Load the deck in your favor when planning when to do what each day

Everyone’s energy is a little different over the course of the day. Some start the day with a full tank of energy, and it depletes as the day goes on. I start out strong, wane in the early afternoon, and bounce back energetically from 3 until 6 PM. As a result, I try to be intentional about when I do various kinds of work. If I have some cognitive heavy lifting to do, I try to do it early or late. In the early afternoon, I may opt for a walking meeting, answering emails, or building a program in PowerPoint—things that I can do without a high level of energy.

Give some thought to what works best at whatever time of the day, and schedule yourself accordingly.

Periodically review what you should keep doing and what you should give up

Frequently, leaders continue doing tasks and attending meetings long after they should have delegated the work or opted out of participating. Periodically, make two lists: the stuff that you should continue doing and the stuff that you should consider giving up or giving away. As you rise in the organization, you will get noticed for having more of an enterprise-wide view.
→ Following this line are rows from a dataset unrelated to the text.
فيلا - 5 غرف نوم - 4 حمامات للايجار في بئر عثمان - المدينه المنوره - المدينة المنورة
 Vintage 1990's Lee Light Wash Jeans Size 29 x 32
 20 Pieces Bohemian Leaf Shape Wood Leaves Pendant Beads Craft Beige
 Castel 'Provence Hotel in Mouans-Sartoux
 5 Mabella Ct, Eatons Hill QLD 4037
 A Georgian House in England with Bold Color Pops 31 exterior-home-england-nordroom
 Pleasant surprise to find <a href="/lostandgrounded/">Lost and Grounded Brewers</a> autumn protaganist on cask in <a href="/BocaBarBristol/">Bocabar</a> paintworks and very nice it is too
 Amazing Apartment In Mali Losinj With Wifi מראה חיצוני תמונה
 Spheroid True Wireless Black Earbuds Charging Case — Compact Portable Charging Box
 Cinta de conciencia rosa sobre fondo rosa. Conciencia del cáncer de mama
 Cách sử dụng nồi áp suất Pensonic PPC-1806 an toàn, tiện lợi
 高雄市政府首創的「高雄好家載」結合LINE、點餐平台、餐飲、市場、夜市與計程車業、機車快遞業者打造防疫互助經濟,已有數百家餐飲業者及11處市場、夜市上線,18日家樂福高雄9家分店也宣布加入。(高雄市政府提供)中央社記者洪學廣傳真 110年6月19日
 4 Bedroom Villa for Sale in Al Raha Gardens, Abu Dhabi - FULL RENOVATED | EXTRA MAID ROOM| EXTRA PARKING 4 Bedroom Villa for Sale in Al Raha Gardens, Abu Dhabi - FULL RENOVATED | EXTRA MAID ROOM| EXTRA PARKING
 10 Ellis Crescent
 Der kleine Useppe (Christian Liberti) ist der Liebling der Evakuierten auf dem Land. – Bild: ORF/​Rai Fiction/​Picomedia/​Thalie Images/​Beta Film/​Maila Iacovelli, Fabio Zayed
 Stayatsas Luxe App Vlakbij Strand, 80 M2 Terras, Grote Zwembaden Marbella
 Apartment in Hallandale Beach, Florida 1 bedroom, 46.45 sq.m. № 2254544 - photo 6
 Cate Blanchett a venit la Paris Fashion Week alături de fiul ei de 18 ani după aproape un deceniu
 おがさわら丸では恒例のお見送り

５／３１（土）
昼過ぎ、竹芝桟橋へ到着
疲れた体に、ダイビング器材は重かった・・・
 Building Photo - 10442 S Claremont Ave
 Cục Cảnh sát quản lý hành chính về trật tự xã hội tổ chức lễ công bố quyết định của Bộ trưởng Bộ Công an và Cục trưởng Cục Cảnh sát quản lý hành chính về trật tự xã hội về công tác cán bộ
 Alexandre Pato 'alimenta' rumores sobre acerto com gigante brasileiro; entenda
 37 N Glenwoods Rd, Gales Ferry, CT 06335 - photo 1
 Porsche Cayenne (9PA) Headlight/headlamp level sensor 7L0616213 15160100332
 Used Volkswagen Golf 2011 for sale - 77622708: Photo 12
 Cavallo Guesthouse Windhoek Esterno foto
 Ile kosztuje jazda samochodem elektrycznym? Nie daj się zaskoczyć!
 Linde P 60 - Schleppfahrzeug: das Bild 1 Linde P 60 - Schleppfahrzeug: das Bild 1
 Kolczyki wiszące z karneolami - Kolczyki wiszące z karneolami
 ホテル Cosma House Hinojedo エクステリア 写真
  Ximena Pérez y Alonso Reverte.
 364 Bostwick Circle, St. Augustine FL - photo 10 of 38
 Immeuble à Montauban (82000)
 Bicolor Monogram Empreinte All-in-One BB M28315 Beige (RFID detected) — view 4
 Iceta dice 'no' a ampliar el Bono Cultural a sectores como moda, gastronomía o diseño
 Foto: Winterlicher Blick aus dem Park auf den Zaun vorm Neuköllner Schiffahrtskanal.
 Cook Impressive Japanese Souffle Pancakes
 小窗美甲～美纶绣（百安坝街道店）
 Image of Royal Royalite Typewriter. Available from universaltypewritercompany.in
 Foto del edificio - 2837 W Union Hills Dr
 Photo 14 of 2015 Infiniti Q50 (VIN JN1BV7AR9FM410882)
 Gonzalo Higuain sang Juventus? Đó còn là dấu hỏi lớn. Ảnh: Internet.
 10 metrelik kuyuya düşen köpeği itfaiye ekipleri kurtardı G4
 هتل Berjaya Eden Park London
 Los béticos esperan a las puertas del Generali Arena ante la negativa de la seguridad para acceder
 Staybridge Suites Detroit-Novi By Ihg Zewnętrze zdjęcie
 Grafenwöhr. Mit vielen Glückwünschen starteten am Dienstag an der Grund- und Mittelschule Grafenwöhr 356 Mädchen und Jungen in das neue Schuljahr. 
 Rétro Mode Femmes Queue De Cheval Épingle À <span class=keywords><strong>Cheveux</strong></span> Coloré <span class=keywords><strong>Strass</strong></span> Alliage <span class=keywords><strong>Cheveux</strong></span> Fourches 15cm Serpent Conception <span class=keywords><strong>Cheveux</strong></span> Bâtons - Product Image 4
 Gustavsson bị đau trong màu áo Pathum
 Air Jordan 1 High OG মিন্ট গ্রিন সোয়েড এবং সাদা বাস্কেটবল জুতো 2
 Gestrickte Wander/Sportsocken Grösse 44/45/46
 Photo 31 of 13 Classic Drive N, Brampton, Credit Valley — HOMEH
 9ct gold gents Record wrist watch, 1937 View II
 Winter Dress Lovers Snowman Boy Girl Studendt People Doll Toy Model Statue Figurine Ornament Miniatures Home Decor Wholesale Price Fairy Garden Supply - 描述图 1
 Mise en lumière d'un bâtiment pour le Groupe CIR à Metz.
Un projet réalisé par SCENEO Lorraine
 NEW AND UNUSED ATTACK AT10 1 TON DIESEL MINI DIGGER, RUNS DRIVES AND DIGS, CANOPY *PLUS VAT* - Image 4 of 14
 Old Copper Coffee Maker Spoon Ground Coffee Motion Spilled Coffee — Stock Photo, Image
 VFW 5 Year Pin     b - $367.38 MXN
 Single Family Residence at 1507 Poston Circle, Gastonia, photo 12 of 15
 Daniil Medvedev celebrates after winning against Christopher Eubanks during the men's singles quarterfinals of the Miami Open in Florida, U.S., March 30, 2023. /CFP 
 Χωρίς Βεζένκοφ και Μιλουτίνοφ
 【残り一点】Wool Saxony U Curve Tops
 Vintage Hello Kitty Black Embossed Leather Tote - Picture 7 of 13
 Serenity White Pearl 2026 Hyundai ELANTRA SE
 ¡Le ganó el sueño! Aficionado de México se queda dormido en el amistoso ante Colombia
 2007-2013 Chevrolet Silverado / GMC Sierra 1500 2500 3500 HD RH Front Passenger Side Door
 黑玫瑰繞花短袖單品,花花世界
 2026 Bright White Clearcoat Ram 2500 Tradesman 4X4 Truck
To have that, you need to get out of the weeds.

Determine what you need to do to bring your best self to work every day

Everyone varies when it comes to how many hours they can work and how much downtime they need—as well as what they need to do during that time away from work. Every quarter or so, evaluate how energized you feel and keep tabs on what’s happening in weeks when your energy is high or low. If you’re starting off Monday morning feeling tired and stressed, something’s wrong.

So, what do you need to do to bring your best self to work each day?  That’s something that only you can figure out.

For me, it’s helpful to think of Saturday as a “no work day,” and I try to limit work on Sundays too. From making all sorts of energy management mistakes over the years, I also have come to realize that I’m not at my best if:

  • I don’t eat a substantial breakfast
  • I’m eating carb-heavy lunches
  • I’m not reading at least 15 minutes every day
  • I’m consuming more than one drink of alcohol on a night before a workday
  • I’m not making sufficient time for my family, friends, and hobbies outside of work

Meaningful, lasting change is never easy. Whether you’re mulling a New Year’s Resolution or a behavioral change at any time of the year, think about what you want to do, why it matters, and how you’re going to sustain it over the long haul.

If you do, you’ll be feeling a lot better by the time the ball drops on another new year.